Patrick Balkany, ancien maire de Levallois-Perret, doit à nouveau faire face à la justice. Il est attendu le 20 février devant le tribunal correctionnel de Nanterre pour répondre de détournement de fonds publics. Cette audience doit permettre de fixer la date de son procès dans une affaire remontant à ses années en fonction, entre 2010 et 2015.
Les faits reprochés concernent une période où Balkany était encore à la tête de la ville. Selon le parquet de Nanterre, il est notamment question de l’utilisation présumée de policiers municipaux comme chauffeurs personnels et de l’usage privé de véhicules municipaux.
Origine de l’affaire
Cette procédure trouve son origine en décembre 2012, lorsque deux syndicats de policiers municipaux ont signalé des possibles abus. Une enquête a été ouverte, confiée à la brigade de répression de la délinquance économique de la police judiciaire parisienne.
Une information judiciaire a été lancée en décembre 2013. Patrick Balkany a été mis en examen en juillet 2020. Cependant, certaines poursuites ont été abandonnées, notamment pour prise illégale d’intérêts, blanchiment, recel ou encore complicité de détournement de fonds publics.
Les avocats de l’ancien maire ont réagi à cette décision, affirmant que leur client contestera les accusations.
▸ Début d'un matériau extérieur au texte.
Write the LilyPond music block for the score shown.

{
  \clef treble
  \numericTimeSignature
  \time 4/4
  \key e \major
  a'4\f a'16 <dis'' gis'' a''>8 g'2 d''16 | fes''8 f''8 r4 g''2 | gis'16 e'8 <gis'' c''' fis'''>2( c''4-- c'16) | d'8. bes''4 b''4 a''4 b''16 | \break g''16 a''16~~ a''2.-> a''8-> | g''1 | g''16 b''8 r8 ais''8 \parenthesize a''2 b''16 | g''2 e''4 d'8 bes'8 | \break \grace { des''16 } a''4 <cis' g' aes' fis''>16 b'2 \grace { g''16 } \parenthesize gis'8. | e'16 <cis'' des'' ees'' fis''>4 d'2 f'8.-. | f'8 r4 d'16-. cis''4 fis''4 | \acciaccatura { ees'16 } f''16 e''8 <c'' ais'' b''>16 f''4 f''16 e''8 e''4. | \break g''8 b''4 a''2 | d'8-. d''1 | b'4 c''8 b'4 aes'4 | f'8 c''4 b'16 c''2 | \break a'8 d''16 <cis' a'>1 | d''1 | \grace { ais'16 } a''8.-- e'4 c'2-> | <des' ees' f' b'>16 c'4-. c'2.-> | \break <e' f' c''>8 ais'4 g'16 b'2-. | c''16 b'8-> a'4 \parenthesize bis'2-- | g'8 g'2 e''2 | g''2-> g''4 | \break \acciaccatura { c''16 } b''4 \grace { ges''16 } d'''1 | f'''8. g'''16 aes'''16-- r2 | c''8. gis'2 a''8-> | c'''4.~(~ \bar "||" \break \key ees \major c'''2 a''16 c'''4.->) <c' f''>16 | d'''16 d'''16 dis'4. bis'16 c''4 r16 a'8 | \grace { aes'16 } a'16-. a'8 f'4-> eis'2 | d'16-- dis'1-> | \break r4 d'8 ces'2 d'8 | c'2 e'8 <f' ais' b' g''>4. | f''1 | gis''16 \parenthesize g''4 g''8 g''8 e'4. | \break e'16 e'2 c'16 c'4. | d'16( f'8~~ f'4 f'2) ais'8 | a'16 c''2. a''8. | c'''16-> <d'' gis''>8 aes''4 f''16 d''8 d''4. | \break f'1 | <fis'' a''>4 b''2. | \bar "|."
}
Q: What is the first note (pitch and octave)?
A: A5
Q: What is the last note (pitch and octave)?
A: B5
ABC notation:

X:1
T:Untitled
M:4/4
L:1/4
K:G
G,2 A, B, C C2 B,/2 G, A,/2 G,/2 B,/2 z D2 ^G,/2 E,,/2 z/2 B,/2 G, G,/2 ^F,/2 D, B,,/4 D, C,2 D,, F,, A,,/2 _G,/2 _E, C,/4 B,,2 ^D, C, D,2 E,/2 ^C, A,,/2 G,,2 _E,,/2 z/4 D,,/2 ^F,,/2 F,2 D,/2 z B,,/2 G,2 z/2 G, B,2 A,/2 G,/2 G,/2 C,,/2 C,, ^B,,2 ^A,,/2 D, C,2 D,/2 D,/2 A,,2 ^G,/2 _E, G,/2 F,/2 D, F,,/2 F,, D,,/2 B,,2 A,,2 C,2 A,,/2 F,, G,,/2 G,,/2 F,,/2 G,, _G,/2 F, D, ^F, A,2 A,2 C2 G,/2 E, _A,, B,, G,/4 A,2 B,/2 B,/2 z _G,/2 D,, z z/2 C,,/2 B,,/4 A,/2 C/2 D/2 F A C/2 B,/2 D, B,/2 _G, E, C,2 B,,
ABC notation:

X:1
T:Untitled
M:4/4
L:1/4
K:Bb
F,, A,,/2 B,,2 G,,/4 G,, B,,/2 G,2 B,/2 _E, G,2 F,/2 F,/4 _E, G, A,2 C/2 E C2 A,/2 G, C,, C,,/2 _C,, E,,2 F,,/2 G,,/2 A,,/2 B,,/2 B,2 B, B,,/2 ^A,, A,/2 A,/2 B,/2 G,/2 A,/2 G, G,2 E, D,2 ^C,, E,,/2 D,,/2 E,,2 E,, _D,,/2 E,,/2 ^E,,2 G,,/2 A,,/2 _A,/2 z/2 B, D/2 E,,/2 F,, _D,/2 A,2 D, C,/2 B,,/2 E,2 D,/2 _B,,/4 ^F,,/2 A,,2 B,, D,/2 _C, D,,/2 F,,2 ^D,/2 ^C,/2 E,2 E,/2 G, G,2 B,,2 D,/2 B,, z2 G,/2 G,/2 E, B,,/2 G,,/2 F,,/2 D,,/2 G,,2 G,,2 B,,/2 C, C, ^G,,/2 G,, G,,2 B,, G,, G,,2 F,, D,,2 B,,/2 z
Ils précisent qu’ils seront présents à l’audience pour défendre leurs arguments contre ce qu’ils qualifient d’accusations infondées et calomnieuses.
Une seconde convocation
Le même jour, Patrick Balkany est également convoqué dans une autre affaire, selon les informations du Parisien. Ce second dossier concerne l’ancien directeur du développement économique de Levallois-Perret, qui aurait continué à percevoir une rémunération après son départ à la retraite en 2012.
Contrairement à la première affaire, cette procédure n’a pas été instruite en justice. Le parquet a choisi la voie de la citation directe. Les avocats de Balkany ont indiqué qu’ils ont appris cette convocation par la presse. Ils dénoncent le mode de communication du parquet, qu’ils qualifient d’« élégance » peu appropriée.
Une situation judiciaire toujours préoccupante
Cette nouvelle convocation s’inscrit dans un contexte judiciaire déjà lourd pour l’ancien maire. La semaine précédente, le tribunal d’application des peines d’Évreux lui a accordé une libération conditionnelle pour les 18 mois de prison restant à purger. Le parquet a toutefois fait appel de cette décision.
En 2023, la cour d’appel de Paris l’a déclaré inéligible. Malgré cela, Patrick Balkany reste très actif en politique locale, à l’approche des prochaines élections municipales.